Extract all lines in the data that contain the word "with".
START DATA
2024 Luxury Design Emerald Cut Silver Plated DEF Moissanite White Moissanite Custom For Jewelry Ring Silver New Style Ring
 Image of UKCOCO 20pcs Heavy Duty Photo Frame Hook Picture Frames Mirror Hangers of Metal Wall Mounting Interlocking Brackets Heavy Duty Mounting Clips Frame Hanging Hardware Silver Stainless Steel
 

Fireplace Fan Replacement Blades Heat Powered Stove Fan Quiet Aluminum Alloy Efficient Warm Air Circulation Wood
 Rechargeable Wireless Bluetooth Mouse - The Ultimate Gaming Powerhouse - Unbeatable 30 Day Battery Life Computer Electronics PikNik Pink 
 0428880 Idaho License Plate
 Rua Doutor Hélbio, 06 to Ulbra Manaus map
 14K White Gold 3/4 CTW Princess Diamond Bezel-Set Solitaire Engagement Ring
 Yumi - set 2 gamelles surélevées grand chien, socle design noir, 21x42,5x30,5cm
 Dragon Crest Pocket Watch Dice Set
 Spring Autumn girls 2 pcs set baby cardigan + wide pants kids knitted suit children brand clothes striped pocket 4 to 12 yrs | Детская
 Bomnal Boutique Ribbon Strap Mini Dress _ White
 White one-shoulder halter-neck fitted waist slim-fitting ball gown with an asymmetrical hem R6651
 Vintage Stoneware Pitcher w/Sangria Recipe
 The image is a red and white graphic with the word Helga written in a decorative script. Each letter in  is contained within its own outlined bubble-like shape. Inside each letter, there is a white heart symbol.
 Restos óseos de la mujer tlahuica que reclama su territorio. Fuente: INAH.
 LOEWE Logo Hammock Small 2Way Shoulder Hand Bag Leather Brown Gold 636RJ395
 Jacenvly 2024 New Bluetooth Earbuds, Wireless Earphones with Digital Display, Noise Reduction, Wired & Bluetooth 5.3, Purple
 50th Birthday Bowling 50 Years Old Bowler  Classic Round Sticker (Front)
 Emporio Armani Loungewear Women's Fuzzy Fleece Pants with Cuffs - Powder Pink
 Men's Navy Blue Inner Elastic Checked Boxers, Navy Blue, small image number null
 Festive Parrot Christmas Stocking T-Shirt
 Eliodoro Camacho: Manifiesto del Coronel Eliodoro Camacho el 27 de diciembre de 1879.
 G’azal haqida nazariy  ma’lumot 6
END DATA
→ **REPLY TO THE EXERCISE**:
 White one-shoulder halter-neck fitted waist slim-fitting ball gown with an asymmetrical hem R6651
 The image is a red and white graphic with the word Helga written in a decorative script. Each letter in  is contained within its own outlined bubble-like shape. Inside each letter, there is a white heart symbol.
 Jacenvly 2024 New Bluetooth Earbuds, Wireless Earphones with Digital Display, Noise Reduction, Wired & Bluetooth 5.3, Purple
 Emporio Armani Loungewear Women's Fuzzy Fleece Pants with Cuffs - Powder Pink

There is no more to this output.